By Tim Rath, Director of Supply Chain and Vendor Management for Safeguard Properties

Editor's Note: This piece was originally featured in the November 2016 issue of DS News

Named one of the greatest video games of all time by several sources, Tetris has captivated video gamers since the early 1980s with its simplistic and addictive gameplay. Players are challenged to maneuver geometric shapes composed of four square blocks, called “tetriminos,” by moving each one sideways or rotating it by 90 degree units to create a horizontal line of 10 tetriminos without gaps. Once that is accomplished, the line disappears and the blocks above fall closer to the bottom of the playing screen. After clearing a predetermined number of lines, a new level is entered and the tetriminos begin to fall at a more rapid pace. If the stack reaches the top of the playing screen, the game is over.

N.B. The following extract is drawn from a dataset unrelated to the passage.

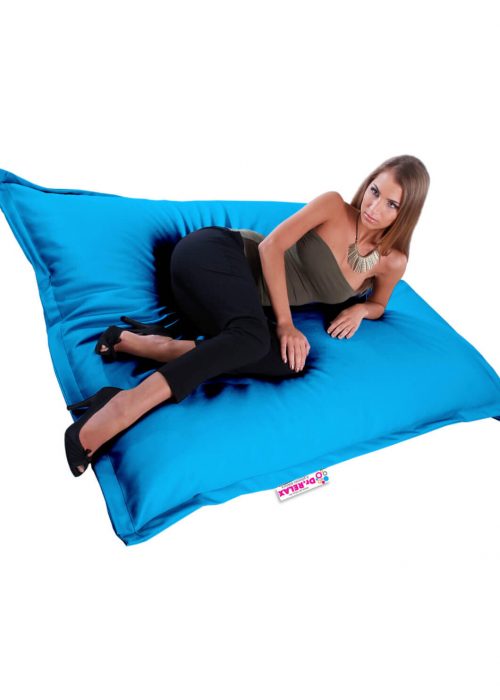 Dr.Relax párna babzsák kültéri - türkizkék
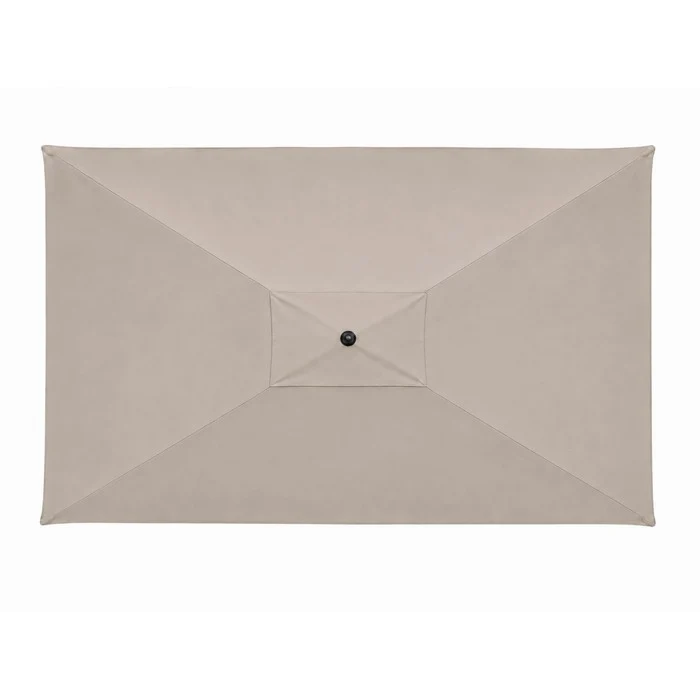Ombrellone rettangolare da giardino a palo centrale 200x300 cm - Square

Although there have been many variations of the game over the years, the basic concept has remained the same. The key to conquering Tetris was to carefully place your pieces in the right order always looking ahead to the next piece to fall while also keeping an eye on the game board. Imagining Tetris’s gameplay, a direct parallel can be drawn between the game and managing a third-party vendor network in the mortgage field services industry. Companies need to recruit the right vendors to ensure they “fit” the requirements and compliance standards for the job. Like placing tetriminos in the game of Tetris, the third-party vendors not only need to be the right fit, but it is also the duty of the field services company to properly prepare them for the field and provide continuous resources to ensure they are successful.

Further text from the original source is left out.